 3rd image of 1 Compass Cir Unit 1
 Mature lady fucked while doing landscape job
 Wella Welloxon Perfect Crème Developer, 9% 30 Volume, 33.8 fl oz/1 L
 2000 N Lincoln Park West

————————

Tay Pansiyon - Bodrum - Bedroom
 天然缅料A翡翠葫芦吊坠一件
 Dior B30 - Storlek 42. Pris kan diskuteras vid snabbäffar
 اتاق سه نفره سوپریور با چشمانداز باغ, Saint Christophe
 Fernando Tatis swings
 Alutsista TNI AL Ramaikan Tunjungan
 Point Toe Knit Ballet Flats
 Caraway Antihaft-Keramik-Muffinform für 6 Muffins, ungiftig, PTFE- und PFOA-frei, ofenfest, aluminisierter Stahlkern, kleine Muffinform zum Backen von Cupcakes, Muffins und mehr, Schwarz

————————

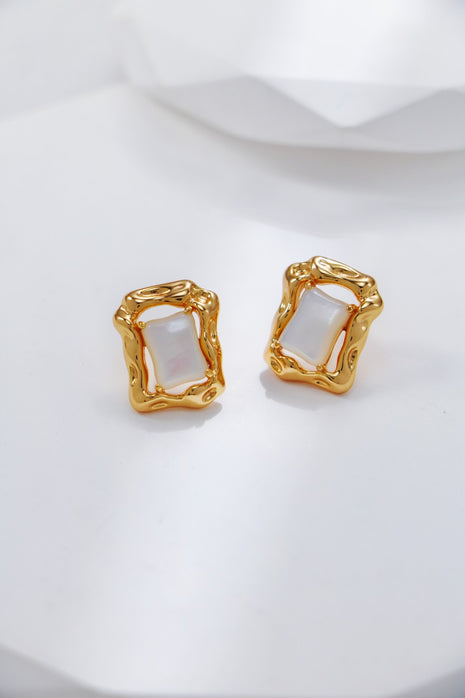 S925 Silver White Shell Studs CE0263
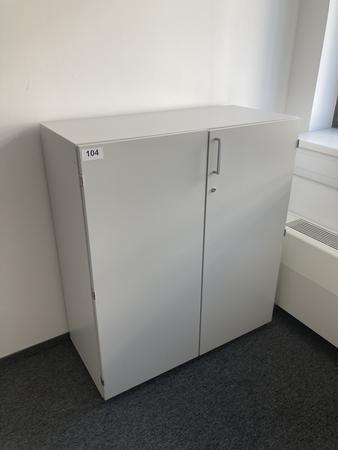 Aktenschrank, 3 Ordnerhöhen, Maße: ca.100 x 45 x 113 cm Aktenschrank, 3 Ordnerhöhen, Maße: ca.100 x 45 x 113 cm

————————

TASK OBJECTIVE — Repeat, without pictures, exactly the lines of the data above from the one containing "S925 Silver White Shell Studs CE0263" through the one containing "cm Aktenschrank, 3", including both and adding nothing.

WRITTEN RESPONSE —
 S925 Silver White Shell Studs CE0263
 Aktenschrank, 3 Ordnerhöhen, Maße: ca.100 x 45 x 113 cm Aktenschrank, 3 Ordnerhöhen, Maße: ca.100 x 45 x 113 cm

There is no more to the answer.